(Por Renato Rovai, originalmente publicado na Revista Forum)
Poucas vezes na história política brasileira o velório de um homem público causou tamanha comoção popular e teve uma cobertura midiática tão intensa quanto o de Eduardo Campos. Há várias explicações para isso, entre elas o fato de a morte ter se dado de forma trágica e ter interrompido subitamente uma carreira política em ascensão. Eduardo tinha menos de 10% nas pesquisas para presidente da República, mas em 2010 foi reeleito com 82% dos votos em Pernambuco. Ou seja, em seu estado era uma liderança popular inconteste e todas as homenagens que recebeu hoje são, além de merecidas, compreensíveis.
Ao mesmo tempo não se pode deixar de perceber uma narrativa midiática claramente politizada do episódio. Vários veículos de comunicação estão aproveitando o sentimento sincero de milhares de pessoas para capitalizar politicamente. O UOL, por exemplo, tem como um dos seus principais destaques desde cedo uma nota informando que Lula e Dilma teriam sido vaiados no velório. O próprio texto informa que depois os aplausos abafaram as vaias. Mas no título só há destaque para os apupos negativos.

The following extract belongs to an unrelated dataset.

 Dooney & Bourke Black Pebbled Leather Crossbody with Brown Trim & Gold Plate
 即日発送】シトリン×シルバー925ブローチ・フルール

Na GloboNews também se criou um clima de cobertura com toque oposicionista durante todo o dia. O jornalista Luis Carlos Azenha que está em Recife aponta que entre outras coisas a emissora escondeu a emoção de Lula.

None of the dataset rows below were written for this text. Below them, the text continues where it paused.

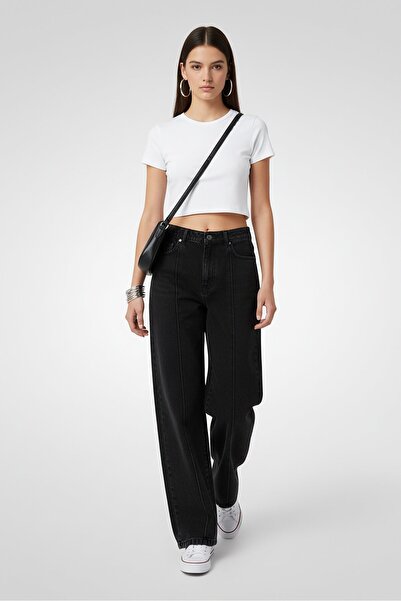 adidas Women Regular Fit Washed Wide Leg Jeans, Black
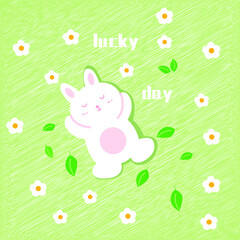 Obraz premium Hand drawn cartoon sleeping rabbit lying on the grass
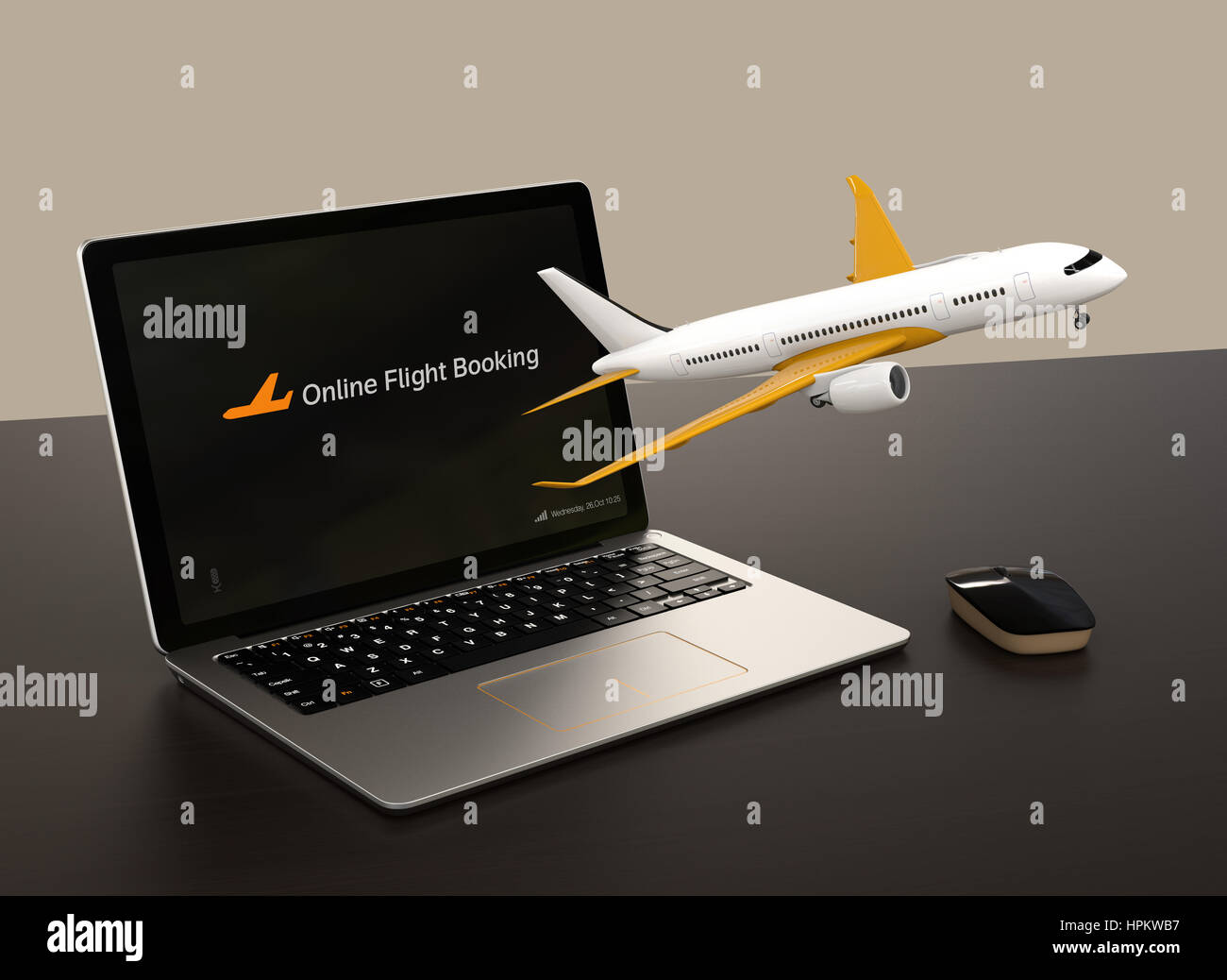 Passenger plane taking off from laptop computer. Online flight booking concept. 3D rendering image. Stock Photo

Nas redes sociais, porém, o fato político de destaque foi outro. A foto em que Marina Silva aparece ao lado do caixão de Eduardo Campos sorrindo se tornou o meme do dia. O contexto da foto não é claro, mas muitos consideraram aquele sorriso como sinal de desrespeito. E um sinal de que ela estava feliz com o desfecho para a sua candidatura.

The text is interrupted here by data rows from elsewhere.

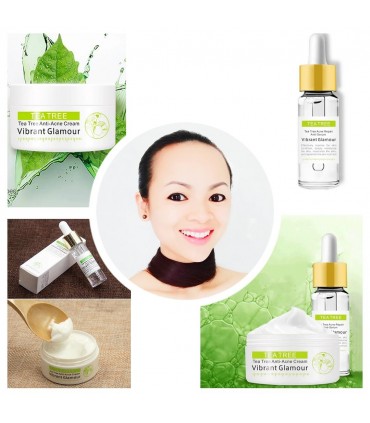 Routine soins visage Thé Vert - Ensemble soin visage anti-acné anti- vieillissement contrôle de l'huile (2 pièces)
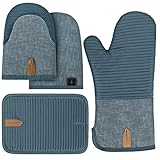 BONTHEE Ofenhandschuhe Hitzebeständige Topflappen Set Mini-Ofenhandschuhe Topfhandschuhe mit Anti-Rutsch Silikon Gestreift kochhandschuhe für Kochen Backen - 4er Set - Blau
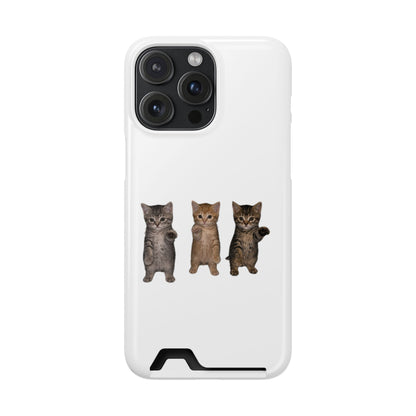 Cute Trio Kittens Phone Case with Card Holder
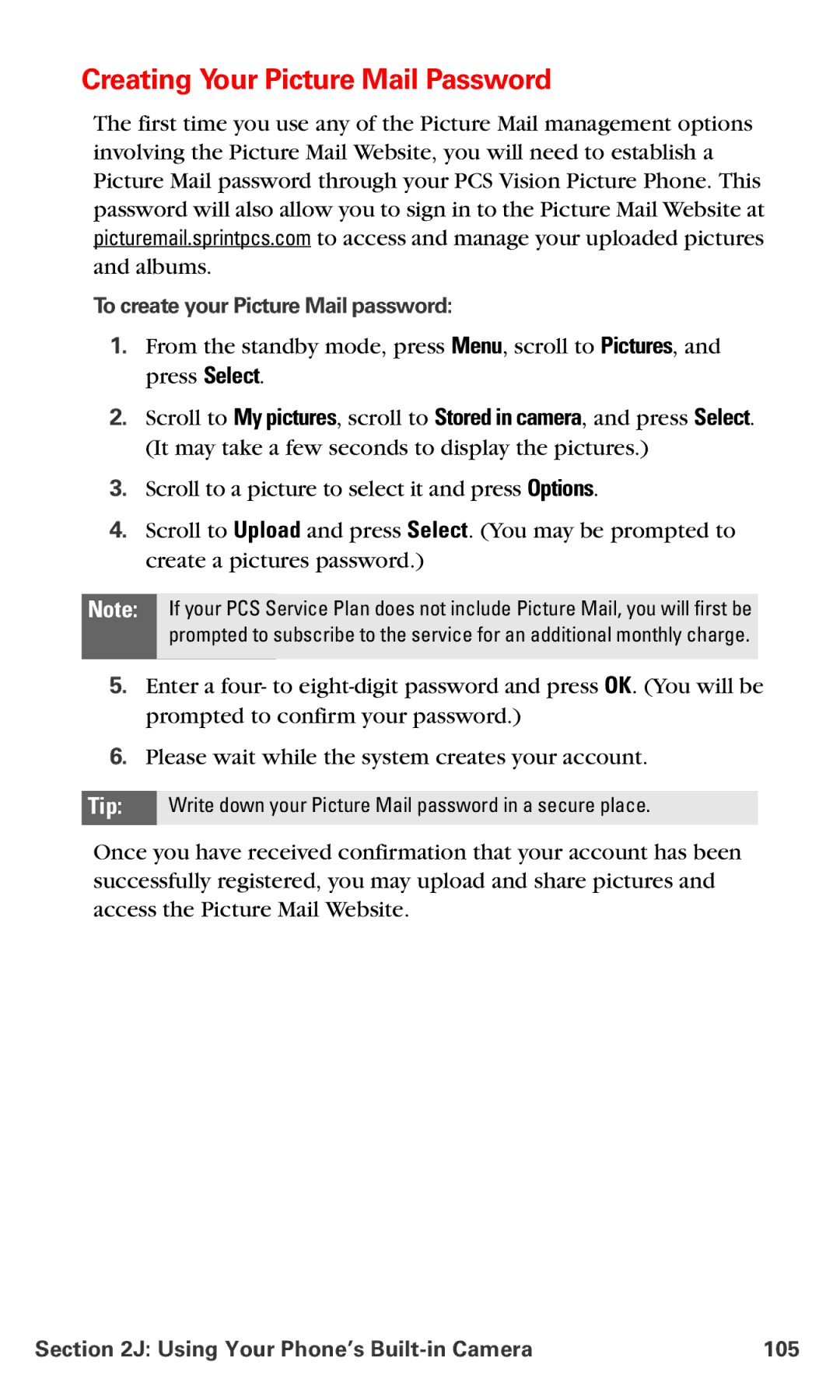 Nokia PM-6225 manual Creating Your Picture Mail Password, To create your Picture Mail password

É preciso ter muito cuidado quando se é pessoa pública. Todos seus gestos podem ser mal interpretados a partir de um flagrante fora de contexto. No caso de Marina Silva, esse cuidado no velório de hoje deveria ter sido redobrado, afinal ela se tornará herdeira da vaga de Campos.
Dito isso, é preciso ser muito mal intencionado para tentar instrumentalizar politicamente essa foto atribuindo à candidata uma satisfação pela morte de Campos. Marina sorriu ao lado do caixão como muitos de nós já devemos ter feito isso ao lado de entes queridos. Em algum momento alguém conta uma história divertida do morto, fala de um momento em que ele fez algo emocinante ou mesmo conta uma piada e as pessoas riem.
O ser humano também ri em enterros. E isso às vezes é uma forma de homenagear aquele que se foi.
Marina terá uma campanha onde vai ter de ser questionada sobre muitas coisas. Ela precisará deixar mais claro suas posições a respeito da economia, de programas sociais, de obras na área energética, de com quem pretende governar se eleita, até porque se elegerá por um partido com o qual tem pouca identidade etc e tal. Mas tomara que não tenha que ficar dando explicações sobre uma foto em que sorria ao lado de um caixão. Tomara, também, que não busque fazer uso político da trágica morte de Eduardo Campos. Nem uma coisa nem outra farão bem ao processo democrático.